Forty years has wrought a great change. Oklahoma has great cities and great metropolitan newspapers of its own, we do not have to wait until the train comes in for the news, and that "red-headed boy," who represented the Wichita Eagle at the opening of the first territorial legislature, is now a gray-headed man who has in his public life served his state and his nation with honor and distinction. As an editor he has kept the Eagle up to the high standard established by his distinguished father, the founder of the paper.
Speaking for the membership of the Oklahoma Historical Society, the Chronicles wishes to extend its appreciation to Mr. Murdock, wife and daughter for the honor of their presence at our Annual Meeting and our thanks to Mr.

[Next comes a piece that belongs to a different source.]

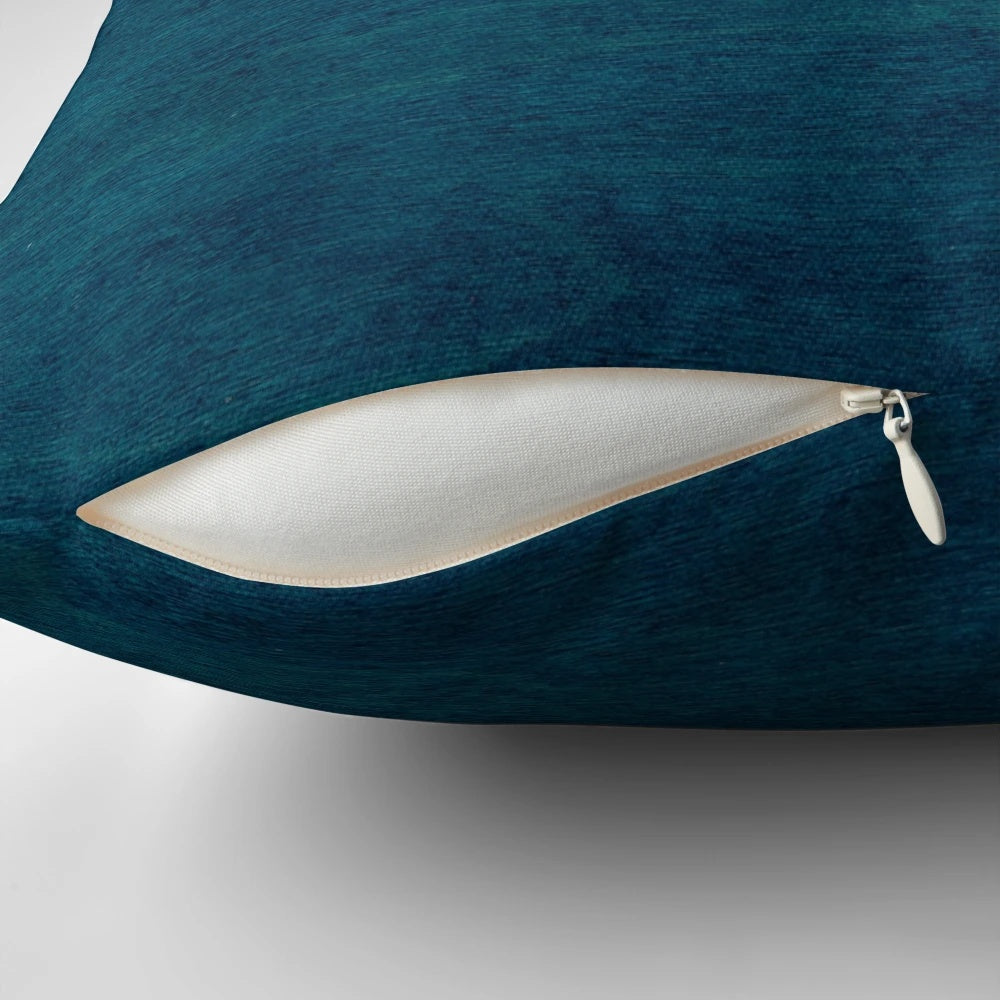 Teal watercolor wood throw pillow for cozy home decor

Murdock for the splendid reminiscent and historical address that he delivered on that occasion.
D. W. P.
About the wisest thing the state of Oklahoma ever did was to house its historical society handsomely and so encourage the preservation of its past.
The Historical Society Building at Oklahoma City is not only beautiful. It has a classic dignity of line that would bring no offending note to the acropolis at Athens.
The temple will grow tremendously in ethical value with the years. Historically what is unique in Oklahoma is to gain latterly an emphasis which, in a national sense, will be altogether exceptional.
Here not only the North and the South are coalesced in old Oklahoma, which was in fact new, but here also the Indian territory which was in fact old, had a new experience in government. Families which can show a single residence as far back as 1832 are to be found in one part of Oklahoma; families which look back upon the spectacular settlement in 1889 as an episode in the remote past are to be found in another part. The children of both divisions are now in the process of coalition which today constitutes a commonwealth for which, in many respects, history offers no counterpart.
The coalition, in the amazingly rich state Oklahoma has
become, is richer in potentialities for Oklahoma than all the oil it will ever pump, all the cotton it will ever pick and all the wheat it will ever reap.
It is good to see the record of this in a fane, to see side by side the tattered flag a Chickasaw carried in the Battle of New Orleans and the silken banner proclaiming Payne's Oklahoma colony.—Wichita Eagle.